“Do you want to visit a Buddhist monastery?” my mom asked one day as we stood in the kitchen.
I took a while to respond because I was mildly preoccupied making a peanut butter and jelly sandwich — and because I wasn’t entirely sure I’d heard her correctly. “A Buddhist monastery, Mom? There’s a Buddhist monastery here?”
“Yes, there’s one pretty close to us. Apparently it’s one of the hidden secrets of our area. They give tours and lectures and stuff, and the pictures I’ve seen are really beautiful.”
“Okay, but why? We’re not Buddhist,” I said, laughing.
With that simple statement, I’d rejected her proposal to explore a beautiful religious site and take the time to educate myself on another culture and religion — simply because it didn’t seem obvious to me why it would be directly relevant to my life, my religious beliefs. And I regret that.
I thought about it later that day and actually looked up the website of said monastery. She was right. It really is absolutely beautiful, and it’s in very close proximity to us. They offer tours and lectures for people interested in learning more about the religion and walking trails for those who simply want to relax in nature for a bit. The more I thought about it, why wouldn’t I take the opportunity to visit and break out of my sheltered South Orange County bubble? I’m white and a Protestant Christian, and I attend a Catholic school. With the exception of a few of my classmates, nearly everyone I know from school with practicing religious beliefs is some sort of Christian; and, while my school isn’t all white, it definitely has a much lower representation of minorities than the general population of surrounding cities. Taking the time to remember that there are other cultures and belief systems out there would not only be a good thing for me, but would be important to my development as a person.
I haven’t visited the monastery with my mom just yet, but we hope to go in the next couple of weeks as soon as we can both set a day aside. Looking a bit more on their website, I found something that really intrigued me: a walking path called the Shrine Trail, which, one by one, honors many of the world’s major religions (Islam, Hinduism, Christianity, Buddhism, Judaism, and certain Native American religious traditions, respectively) and recognizes the truth that can be found in each. It’s a wonderful sentiment, one of respecting other religions and recognizing the good that can come out of each, even if your individual beliefs differ. This sentiment would probably provide us with a much more peaceful world if more world leaders subscribed to it.

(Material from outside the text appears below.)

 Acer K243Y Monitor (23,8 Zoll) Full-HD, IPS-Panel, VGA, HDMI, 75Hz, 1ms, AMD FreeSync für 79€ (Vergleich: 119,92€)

Maybe there isn’t a Buddhist monastery close to your house (although you don’t really know until you search), but I can guarantee you that no matter where you are, with a bit of research, you can find little pockets of beauty and culture in your own community. If you’re in school, then summer’s your time to get stuff done when you don’t have all the responsibilities of the school year. It’s your time to unwind and binge-watch some Netflix, but it should also be a time for exploring the world around you, learning about yourself and other people, and taking the time to appreciate life. With how busy the modern world has become and how driven and ambitious Western culture pressures us to be — and with the political and social injustices we see every day on the news — it can be difficult to remember just how beautiful and amazing life can be sometimes―but it is.
One more tip: Watch a sunrise or sunset. No matter where you live — whether it’s miles away from civilization in a beautiful natural area or in the heart of the city where the air might be slightly smoggier — sunrises and sunsets are pretty much just universally beautiful. Simply sit down and watch one without going on your phone or bringing stuff to do or listening to music or talking to anybody. Just appreciate it. You won’t regret it.